Required work:
Below is a block of entries; repeat exactly the lines starting at the line that contains "The three regular" and ending at the line that contains "Safe-torque-off function, Powerflex", both included.

The records:
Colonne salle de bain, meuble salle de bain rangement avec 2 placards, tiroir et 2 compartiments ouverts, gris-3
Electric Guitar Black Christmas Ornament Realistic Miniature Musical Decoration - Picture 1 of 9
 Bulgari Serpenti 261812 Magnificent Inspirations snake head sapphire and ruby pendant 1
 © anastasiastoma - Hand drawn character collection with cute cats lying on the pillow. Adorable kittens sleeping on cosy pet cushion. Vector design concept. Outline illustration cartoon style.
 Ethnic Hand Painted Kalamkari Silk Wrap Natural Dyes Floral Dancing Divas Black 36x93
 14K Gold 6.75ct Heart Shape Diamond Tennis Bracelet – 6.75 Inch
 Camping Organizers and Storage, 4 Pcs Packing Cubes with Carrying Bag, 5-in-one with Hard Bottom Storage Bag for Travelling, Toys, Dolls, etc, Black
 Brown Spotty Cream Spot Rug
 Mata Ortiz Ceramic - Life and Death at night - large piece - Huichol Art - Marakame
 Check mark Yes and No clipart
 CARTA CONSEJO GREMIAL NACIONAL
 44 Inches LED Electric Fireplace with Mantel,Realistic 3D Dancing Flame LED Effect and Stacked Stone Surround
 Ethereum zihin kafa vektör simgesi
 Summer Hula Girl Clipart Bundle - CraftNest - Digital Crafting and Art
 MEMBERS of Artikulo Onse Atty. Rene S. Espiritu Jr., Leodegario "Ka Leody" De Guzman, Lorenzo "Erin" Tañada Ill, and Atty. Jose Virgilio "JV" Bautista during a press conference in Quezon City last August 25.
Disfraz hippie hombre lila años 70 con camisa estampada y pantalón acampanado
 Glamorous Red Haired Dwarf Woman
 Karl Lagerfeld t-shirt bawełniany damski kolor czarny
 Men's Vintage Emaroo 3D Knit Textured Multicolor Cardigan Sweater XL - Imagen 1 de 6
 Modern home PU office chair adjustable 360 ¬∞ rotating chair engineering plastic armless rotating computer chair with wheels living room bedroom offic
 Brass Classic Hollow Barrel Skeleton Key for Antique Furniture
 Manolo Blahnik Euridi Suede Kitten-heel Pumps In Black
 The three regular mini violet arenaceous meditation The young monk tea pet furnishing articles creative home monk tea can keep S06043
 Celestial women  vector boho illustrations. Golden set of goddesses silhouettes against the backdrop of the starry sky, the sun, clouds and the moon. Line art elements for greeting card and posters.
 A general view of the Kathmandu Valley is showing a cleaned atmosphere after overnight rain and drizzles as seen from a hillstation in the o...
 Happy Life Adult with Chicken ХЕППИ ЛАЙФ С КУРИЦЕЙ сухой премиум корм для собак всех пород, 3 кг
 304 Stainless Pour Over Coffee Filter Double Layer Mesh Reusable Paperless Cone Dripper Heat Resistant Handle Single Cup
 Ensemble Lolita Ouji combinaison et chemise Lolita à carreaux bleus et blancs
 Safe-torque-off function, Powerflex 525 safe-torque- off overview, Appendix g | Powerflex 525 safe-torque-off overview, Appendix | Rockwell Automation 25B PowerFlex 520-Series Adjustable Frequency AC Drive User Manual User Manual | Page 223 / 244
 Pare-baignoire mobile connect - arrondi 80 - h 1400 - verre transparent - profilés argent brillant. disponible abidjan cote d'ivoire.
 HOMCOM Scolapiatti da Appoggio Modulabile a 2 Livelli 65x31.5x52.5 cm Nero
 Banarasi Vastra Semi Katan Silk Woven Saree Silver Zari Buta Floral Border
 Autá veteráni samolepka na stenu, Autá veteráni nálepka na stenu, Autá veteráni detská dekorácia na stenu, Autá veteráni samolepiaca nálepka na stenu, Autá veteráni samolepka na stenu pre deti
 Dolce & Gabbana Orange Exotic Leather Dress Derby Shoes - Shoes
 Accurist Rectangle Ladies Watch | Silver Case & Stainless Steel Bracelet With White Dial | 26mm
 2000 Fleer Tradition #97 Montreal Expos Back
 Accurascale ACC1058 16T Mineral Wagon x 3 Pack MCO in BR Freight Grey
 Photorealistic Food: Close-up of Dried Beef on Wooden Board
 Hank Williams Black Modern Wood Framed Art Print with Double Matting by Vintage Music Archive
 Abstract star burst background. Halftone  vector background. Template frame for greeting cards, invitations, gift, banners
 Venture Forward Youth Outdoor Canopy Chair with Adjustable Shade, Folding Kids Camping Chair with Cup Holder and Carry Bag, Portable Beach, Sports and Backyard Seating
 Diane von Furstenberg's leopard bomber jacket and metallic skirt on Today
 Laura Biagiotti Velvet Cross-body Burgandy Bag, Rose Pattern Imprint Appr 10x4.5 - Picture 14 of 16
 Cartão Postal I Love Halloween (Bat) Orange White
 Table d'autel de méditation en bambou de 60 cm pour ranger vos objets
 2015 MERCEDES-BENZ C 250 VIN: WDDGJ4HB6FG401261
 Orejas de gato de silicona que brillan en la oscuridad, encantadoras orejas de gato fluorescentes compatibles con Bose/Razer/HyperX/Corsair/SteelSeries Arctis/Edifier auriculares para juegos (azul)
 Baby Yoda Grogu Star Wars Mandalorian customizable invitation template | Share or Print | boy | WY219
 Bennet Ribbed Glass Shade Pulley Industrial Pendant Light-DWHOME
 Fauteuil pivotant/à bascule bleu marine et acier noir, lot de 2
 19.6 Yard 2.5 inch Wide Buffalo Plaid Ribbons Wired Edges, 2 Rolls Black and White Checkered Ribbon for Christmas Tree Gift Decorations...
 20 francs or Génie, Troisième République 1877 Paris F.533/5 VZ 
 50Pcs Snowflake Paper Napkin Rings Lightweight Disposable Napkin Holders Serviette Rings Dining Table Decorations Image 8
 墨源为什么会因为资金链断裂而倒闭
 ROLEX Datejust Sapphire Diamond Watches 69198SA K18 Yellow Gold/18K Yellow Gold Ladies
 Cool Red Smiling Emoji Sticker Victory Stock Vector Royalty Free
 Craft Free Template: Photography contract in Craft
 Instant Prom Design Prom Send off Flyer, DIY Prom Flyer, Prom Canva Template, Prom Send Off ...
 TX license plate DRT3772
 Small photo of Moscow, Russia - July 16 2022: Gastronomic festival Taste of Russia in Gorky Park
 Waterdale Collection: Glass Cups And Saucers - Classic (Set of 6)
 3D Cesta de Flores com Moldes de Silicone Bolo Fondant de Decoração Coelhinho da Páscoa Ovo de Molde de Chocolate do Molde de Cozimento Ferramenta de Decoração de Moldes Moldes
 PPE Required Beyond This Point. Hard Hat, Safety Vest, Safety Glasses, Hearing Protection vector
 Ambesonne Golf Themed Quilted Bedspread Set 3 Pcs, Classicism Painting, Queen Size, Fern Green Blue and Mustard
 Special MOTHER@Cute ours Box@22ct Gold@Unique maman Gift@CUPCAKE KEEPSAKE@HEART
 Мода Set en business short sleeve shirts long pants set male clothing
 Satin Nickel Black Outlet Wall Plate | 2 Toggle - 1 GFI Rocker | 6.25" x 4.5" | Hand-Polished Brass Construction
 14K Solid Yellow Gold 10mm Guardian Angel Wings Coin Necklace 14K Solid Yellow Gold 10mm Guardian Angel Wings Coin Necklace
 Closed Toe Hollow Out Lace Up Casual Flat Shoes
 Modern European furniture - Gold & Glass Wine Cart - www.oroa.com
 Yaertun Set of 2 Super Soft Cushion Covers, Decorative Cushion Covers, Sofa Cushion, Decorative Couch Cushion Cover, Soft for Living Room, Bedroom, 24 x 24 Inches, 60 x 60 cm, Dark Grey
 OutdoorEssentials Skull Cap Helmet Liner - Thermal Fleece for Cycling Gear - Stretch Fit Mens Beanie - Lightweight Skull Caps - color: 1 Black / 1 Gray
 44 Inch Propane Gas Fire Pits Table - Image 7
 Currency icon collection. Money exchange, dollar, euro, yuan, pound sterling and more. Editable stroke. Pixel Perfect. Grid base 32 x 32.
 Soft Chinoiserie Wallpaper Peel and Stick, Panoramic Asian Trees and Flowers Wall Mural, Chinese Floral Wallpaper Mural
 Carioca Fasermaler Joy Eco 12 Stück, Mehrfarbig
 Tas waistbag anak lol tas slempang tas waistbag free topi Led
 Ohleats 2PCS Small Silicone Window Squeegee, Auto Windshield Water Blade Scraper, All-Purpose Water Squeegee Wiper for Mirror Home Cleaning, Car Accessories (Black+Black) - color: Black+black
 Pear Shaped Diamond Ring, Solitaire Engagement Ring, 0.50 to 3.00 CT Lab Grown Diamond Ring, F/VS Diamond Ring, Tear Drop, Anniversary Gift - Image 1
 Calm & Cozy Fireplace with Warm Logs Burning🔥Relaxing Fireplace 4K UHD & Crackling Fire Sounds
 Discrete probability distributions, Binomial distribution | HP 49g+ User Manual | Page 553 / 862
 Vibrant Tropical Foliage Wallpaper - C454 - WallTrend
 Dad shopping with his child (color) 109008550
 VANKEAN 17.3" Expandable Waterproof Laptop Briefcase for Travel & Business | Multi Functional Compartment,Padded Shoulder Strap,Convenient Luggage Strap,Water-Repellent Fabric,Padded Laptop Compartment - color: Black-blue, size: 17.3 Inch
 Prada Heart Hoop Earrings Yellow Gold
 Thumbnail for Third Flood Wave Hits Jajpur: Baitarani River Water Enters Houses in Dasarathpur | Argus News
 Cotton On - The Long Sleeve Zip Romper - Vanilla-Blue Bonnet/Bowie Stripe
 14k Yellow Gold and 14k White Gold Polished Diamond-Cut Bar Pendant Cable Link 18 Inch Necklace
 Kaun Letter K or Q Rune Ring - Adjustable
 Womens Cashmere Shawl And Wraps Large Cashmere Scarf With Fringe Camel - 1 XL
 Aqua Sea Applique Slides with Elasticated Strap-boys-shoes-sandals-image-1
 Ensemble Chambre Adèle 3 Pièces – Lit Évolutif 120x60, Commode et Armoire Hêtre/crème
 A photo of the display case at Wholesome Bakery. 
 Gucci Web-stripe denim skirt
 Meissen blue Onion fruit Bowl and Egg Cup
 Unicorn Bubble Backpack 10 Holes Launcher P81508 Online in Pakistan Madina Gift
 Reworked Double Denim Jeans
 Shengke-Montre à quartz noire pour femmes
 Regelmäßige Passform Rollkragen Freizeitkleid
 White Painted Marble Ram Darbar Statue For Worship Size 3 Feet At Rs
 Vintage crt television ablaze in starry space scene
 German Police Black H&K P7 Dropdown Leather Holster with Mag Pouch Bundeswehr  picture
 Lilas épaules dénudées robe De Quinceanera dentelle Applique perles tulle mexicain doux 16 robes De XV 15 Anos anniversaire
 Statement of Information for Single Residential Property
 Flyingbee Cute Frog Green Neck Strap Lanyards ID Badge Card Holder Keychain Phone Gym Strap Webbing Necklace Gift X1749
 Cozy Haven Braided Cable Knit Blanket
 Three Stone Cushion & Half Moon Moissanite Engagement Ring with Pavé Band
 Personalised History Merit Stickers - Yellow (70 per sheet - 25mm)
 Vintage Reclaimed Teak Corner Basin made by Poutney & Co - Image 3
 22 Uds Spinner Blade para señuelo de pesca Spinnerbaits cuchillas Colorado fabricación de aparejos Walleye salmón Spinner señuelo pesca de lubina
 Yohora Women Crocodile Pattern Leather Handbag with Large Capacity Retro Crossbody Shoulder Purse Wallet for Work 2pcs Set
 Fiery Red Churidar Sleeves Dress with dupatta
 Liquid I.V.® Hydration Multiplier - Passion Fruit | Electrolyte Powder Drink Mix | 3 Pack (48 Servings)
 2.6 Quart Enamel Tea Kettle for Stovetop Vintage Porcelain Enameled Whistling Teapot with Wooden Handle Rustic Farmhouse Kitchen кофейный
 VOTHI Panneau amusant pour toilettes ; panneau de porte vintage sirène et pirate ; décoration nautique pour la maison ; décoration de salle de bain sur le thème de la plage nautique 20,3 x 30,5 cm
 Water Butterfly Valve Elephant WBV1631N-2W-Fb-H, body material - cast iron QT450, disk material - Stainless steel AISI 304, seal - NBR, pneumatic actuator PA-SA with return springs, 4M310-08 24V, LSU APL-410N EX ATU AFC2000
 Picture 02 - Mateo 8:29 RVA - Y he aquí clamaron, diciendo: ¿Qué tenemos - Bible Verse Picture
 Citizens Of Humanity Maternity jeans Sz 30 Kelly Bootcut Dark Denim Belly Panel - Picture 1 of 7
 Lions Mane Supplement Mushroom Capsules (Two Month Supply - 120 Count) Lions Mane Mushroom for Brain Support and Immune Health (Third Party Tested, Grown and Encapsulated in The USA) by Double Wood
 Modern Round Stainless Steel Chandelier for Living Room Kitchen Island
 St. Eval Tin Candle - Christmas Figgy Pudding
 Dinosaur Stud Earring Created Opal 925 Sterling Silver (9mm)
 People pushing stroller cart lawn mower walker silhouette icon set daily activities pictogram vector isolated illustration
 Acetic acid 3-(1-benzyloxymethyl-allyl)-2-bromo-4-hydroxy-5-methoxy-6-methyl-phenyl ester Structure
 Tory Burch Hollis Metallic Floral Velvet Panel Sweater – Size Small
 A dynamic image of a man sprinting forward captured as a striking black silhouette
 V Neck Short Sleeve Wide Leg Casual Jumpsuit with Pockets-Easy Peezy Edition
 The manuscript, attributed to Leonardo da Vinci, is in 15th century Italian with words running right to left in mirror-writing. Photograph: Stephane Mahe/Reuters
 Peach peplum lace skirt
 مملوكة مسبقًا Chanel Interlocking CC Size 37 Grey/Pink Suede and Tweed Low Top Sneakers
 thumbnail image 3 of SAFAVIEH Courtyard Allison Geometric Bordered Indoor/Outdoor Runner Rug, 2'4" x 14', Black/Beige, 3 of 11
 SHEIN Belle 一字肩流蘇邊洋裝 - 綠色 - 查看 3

Response to this exercise:
 The three regular mini violet arenaceous meditation The young monk tea pet furnishing articles creative home monk tea can keep S06043
 Celestial women  vector boho illustrations. Golden set of goddesses silhouettes against the backdrop of the starry sky, the sun, clouds and the moon. Line art elements for greeting card and posters.
 A general view of the Kathmandu Valley is showing a cleaned atmosphere after overnight rain and drizzles as seen from a hillstation in the o...
 Happy Life Adult with Chicken ХЕППИ ЛАЙФ С КУРИЦЕЙ сухой премиум корм для собак всех пород, 3 кг
 304 Stainless Pour Over Coffee Filter Double Layer Mesh Reusable Paperless Cone Dripper Heat Resistant Handle Single Cup
 Ensemble Lolita Ouji combinaison et chemise Lolita à carreaux bleus et blancs
 Safe-torque-off function, Powerflex 525 safe-torque- off overview, Appendix g | Powerflex 525 safe-torque-off overview, Appendix | Rockwell Automation 25B PowerFlex 520-Series Adjustable Frequency AC Drive User Manual User Manual | Page 223 / 244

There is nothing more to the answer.